A bill sponsored by Florida Senator Marco Rubio would make federal grant money available to states whose Governors sign gun confiscation bills into law.
S.7 , also known as the Extreme Risk Protection and Violence Prevention Act of 2019 contains a Violence Prevention Grant Program provision. Under Section 3043 a state is eligible for grant money after the state Governor signs a gun confiscation bill into law.
(photo credit: Senator Rubio website)
Here’s the relevant provision:
(A) IN GENERAL.—A covered State or Indian tribe shall be eligible to receive a grant under this section during the 1-year period beginning on the date of enactment of this part.
“(B) COVERED STATE OR INDIAN TRIBE.—In this paragraph, the term ‘covered State or Indian tribe’ means a State or Indian tribe that, before the date of enactment of this part, enacted legislation that—
“(i) authorizes the issuance of a gun violence restraining order or extreme risk protection order similar to a violence prevention order described in this part; and
“(ii) requires a standard of proof for the issuance of a gun violence restraining order or extreme risk protection order described in clause (i) that is substantially similar to the standard of proof required under this part.

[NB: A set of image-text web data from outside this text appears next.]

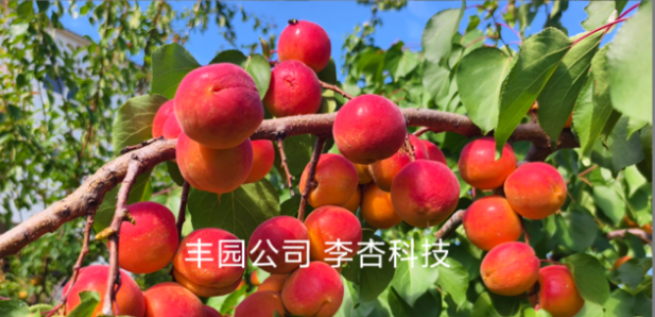 14項授權+8項審定，豐園果業育種成果雙豐收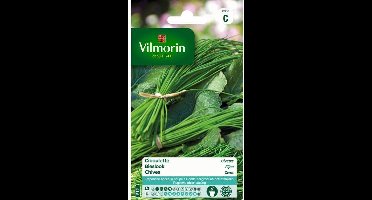 Bieslook Fijne - Allium schoenoprasum
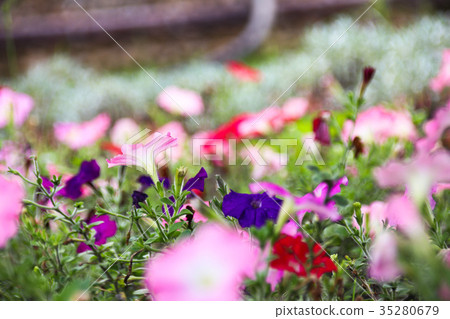 矮牽牛 碧冬茄屬 35280679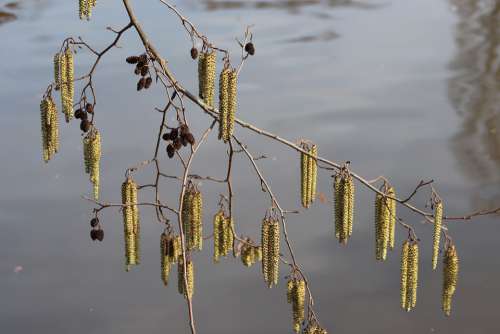 Hazelnut Hazel Flowers Water Hazel Early Bloomer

Extreme risk protection orders known as “red-flag laws” are used by neighbors or family members who have a FEELING about their relative and convince local law enforcement to confiscate the guns of people who have broken no laws. Guns seized as a result of dishonest and vindictive family members with a grudge in order to gain the upper hand in a divorce, child custody or eviction proceeding only show how dangerous this type of law is.
SB 7026, the gun confiscation bill signed into law in 2018 by former Florida Governor Rick Scott, allows one party to petition a judge for a gun confiscation order by way of a secret hearing the respondent party has no opportunity to attend. A second provision in the law requires law enforcement to provide a chain of custody-type receipt (with the gun make, model and serial number) to the owner of the confiscated firearm in addition to mandating the surrender of the individuals Florida concealed weapons permit.
Which all sounds an awful lot like a civil asset forfeiture-type property confiscation, resulting in a seizure of your firearm until you scrape up enough money to hire an attorney and present it to the judge to retrieve your property.